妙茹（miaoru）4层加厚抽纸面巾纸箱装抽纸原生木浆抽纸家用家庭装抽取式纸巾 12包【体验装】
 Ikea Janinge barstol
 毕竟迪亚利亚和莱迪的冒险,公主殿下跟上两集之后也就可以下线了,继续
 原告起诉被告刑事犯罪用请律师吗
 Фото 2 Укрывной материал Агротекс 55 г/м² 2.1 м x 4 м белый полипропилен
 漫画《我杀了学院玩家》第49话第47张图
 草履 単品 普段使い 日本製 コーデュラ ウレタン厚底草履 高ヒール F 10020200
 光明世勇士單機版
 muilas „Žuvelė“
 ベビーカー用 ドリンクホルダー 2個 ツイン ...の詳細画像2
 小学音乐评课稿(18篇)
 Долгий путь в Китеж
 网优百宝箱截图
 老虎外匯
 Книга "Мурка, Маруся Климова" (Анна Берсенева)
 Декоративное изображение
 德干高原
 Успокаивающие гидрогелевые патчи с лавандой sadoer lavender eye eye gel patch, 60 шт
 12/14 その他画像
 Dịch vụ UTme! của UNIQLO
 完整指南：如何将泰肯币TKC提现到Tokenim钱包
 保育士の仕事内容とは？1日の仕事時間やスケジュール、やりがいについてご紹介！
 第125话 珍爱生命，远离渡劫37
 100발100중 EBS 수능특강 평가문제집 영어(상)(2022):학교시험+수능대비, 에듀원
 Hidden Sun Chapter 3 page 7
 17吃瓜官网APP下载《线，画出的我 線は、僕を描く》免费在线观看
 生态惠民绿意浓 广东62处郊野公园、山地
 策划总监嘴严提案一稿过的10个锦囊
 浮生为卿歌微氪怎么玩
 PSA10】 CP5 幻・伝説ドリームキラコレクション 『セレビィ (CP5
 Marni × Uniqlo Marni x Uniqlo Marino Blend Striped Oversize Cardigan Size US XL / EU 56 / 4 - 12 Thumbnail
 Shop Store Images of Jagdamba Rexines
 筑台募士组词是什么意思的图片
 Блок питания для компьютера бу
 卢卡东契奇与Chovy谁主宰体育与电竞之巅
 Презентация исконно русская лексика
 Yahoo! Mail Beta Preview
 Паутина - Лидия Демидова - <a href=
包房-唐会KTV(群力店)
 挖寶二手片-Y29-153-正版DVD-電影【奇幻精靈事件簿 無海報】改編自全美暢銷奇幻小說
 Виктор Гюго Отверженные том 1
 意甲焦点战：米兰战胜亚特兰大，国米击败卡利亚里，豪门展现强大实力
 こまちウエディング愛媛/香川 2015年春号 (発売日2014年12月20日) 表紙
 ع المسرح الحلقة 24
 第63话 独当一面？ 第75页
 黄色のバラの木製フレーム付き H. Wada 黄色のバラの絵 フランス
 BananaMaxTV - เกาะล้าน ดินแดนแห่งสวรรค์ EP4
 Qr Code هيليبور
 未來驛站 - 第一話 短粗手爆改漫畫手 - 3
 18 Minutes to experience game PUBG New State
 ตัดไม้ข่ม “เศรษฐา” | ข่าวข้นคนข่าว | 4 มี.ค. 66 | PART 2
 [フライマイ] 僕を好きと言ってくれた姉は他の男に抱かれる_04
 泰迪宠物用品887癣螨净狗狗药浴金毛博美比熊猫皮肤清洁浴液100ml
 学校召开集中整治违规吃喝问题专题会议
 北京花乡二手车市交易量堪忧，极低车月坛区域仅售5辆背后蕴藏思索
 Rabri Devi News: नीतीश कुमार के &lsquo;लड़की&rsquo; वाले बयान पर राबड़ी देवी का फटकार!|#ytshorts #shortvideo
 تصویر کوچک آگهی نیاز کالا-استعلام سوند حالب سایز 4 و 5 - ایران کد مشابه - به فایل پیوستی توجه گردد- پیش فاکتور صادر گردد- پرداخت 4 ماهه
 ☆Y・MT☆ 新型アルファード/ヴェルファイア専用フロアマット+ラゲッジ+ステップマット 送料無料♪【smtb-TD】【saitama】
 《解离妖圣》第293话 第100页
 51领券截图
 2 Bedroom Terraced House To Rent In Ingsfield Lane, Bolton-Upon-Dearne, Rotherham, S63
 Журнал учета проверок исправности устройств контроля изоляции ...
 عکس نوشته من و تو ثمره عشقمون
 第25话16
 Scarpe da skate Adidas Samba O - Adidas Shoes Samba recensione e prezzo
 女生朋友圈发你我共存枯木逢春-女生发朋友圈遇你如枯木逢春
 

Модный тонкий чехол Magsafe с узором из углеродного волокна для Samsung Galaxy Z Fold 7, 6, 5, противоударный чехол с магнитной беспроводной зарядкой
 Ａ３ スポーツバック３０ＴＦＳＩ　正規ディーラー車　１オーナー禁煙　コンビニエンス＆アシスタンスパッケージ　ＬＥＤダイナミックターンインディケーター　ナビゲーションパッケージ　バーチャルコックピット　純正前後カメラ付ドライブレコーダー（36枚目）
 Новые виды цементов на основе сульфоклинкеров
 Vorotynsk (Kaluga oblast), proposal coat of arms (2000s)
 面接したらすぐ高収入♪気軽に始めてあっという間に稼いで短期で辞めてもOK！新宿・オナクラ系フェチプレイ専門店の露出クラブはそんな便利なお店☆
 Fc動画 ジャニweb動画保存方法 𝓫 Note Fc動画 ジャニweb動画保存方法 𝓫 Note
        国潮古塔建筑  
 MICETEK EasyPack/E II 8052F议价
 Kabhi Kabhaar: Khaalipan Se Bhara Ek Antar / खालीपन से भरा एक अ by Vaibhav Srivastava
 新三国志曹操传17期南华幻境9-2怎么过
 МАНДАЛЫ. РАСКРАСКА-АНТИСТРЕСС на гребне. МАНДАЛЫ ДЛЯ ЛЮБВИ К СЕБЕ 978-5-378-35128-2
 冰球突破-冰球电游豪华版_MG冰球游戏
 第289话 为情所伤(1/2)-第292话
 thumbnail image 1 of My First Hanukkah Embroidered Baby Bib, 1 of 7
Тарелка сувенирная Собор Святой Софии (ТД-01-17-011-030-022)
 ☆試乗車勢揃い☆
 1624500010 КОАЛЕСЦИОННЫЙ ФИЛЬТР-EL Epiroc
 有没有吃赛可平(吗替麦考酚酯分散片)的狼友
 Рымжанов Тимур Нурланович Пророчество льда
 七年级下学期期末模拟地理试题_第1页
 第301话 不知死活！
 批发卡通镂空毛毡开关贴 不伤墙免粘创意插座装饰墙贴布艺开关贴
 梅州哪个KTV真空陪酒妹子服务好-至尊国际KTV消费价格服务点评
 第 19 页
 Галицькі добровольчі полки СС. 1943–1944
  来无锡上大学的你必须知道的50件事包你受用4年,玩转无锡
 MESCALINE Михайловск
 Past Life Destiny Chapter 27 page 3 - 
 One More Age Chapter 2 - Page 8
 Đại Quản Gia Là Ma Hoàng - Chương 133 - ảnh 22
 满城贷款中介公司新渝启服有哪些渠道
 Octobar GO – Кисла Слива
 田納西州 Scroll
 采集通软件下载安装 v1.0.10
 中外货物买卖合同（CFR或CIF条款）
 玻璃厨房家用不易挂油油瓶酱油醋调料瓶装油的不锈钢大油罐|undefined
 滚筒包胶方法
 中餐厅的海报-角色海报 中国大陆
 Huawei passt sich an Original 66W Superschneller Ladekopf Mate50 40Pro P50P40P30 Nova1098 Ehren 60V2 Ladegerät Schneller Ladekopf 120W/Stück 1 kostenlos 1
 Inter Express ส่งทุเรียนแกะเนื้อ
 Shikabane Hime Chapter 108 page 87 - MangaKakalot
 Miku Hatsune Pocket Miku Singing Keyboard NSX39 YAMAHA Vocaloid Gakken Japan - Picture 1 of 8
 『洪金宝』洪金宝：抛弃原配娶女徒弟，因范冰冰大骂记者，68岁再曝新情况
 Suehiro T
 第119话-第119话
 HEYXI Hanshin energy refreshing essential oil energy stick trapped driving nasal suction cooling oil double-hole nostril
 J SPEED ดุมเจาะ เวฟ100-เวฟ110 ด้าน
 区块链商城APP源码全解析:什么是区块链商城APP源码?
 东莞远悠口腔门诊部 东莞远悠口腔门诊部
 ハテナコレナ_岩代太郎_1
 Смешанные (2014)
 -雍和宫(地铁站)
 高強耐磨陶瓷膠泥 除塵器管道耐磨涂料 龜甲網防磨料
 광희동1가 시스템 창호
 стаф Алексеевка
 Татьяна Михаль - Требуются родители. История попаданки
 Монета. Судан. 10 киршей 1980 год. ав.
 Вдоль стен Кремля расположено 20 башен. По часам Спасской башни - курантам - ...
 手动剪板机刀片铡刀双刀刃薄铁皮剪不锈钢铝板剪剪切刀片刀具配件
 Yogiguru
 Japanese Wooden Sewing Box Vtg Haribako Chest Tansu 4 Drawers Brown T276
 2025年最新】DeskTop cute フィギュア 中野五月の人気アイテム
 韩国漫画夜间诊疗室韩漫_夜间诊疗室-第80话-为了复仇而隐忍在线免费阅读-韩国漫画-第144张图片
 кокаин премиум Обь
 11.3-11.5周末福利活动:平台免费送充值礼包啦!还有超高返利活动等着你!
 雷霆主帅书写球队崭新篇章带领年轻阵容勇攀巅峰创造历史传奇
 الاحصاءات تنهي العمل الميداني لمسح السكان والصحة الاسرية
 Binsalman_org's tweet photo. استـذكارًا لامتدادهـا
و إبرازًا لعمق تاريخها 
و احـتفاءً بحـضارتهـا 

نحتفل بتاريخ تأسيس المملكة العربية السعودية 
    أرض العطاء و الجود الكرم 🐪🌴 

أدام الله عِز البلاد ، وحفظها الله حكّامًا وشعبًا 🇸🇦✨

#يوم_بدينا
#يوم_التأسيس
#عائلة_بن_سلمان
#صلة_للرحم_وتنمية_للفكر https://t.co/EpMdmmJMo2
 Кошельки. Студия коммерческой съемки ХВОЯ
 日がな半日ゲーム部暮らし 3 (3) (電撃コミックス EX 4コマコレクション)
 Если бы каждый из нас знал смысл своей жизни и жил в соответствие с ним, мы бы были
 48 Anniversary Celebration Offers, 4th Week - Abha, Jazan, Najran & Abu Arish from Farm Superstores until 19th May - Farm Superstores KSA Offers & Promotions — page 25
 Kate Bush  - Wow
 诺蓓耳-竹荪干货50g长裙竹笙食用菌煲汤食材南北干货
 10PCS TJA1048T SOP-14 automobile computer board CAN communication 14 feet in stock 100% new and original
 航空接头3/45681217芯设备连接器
━━━━━━━━
** REQUIRED WORK **
Repeat, exactly as they stand above, the lines from the line with "Fc動画 ジャニweb動画保存方法 𝓫 Note Fc動画" to the line with "Shikabane Hime Chapter", both lines included.

** ANSWER SPACE **
 Fc動画 ジャニweb動画保存方法 𝓫 Note Fc動画 ジャニweb動画保存方法 𝓫 Note
        国潮古塔建筑  
 MICETEK EasyPack/E II 8052F议价
 Kabhi Kabhaar: Khaalipan Se Bhara Ek Antar / खालीपन से भरा एक अ by Vaibhav Srivastava
 新三国志曹操传17期南华幻境9-2怎么过
 МАНДАЛЫ. РАСКРАСКА-АНТИСТРЕСС на гребне. МАНДАЛЫ ДЛЯ ЛЮБВИ К СЕБЕ 978-5-378-35128-2
 冰球突破-冰球电游豪华版_MG冰球游戏
 第289话 为情所伤(1/2)-第292话
 thumbnail image 1 of My First Hanukkah Embroidered Baby Bib, 1 of 7
Тарелка сувенирная Собор Святой Софии (ТД-01-17-011-030-022)
 ☆試乗車勢揃い☆
 1624500010 КОАЛЕСЦИОННЫЙ ФИЛЬТР-EL Epiroc
 有没有吃赛可平(吗替麦考酚酯分散片)的狼友
 Рымжанов Тимур Нурланович Пророчество льда
 七年级下学期期末模拟地理试题_第1页
 第301话 不知死活！
 批发卡通镂空毛毡开关贴 不伤墙免粘创意插座装饰墙贴布艺开关贴
 梅州哪个KTV真空陪酒妹子服务好-至尊国际KTV消费价格服务点评
 第 19 页
 Галицькі добровольчі полки СС. 1943–1944
  来无锡上大学的你必须知道的50件事包你受用4年,玩转无锡
 MESCALINE Михайловск
 Past Life Destiny Chapter 27 page 3 - 
 One More Age Chapter 2 - Page 8
 Đại Quản Gia Là Ma Hoàng - Chương 133 - ảnh 22
 满城贷款中介公司新渝启服有哪些渠道
 Octobar GO – Кисла Слива
 田納西州 Scroll
 采集通软件下载安装 v1.0.10
 中外货物买卖合同（CFR或CIF条款）
 玻璃厨房家用不易挂油油瓶酱油醋调料瓶装油的不锈钢大油罐|undefined
 滚筒包胶方法
 中餐厅的海报-角色海报 中国大陆
 Huawei passt sich an Original 66W Superschneller Ladekopf Mate50 40Pro P50P40P30 Nova1098 Ehren 60V2 Ladegerät Schneller Ladekopf 120W/Stück 1 kostenlos 1
 Inter Express ส่งทุเรียนแกะเนื้อ
 Shikabane Hime Chapter 108 page 87 - MangaKakalot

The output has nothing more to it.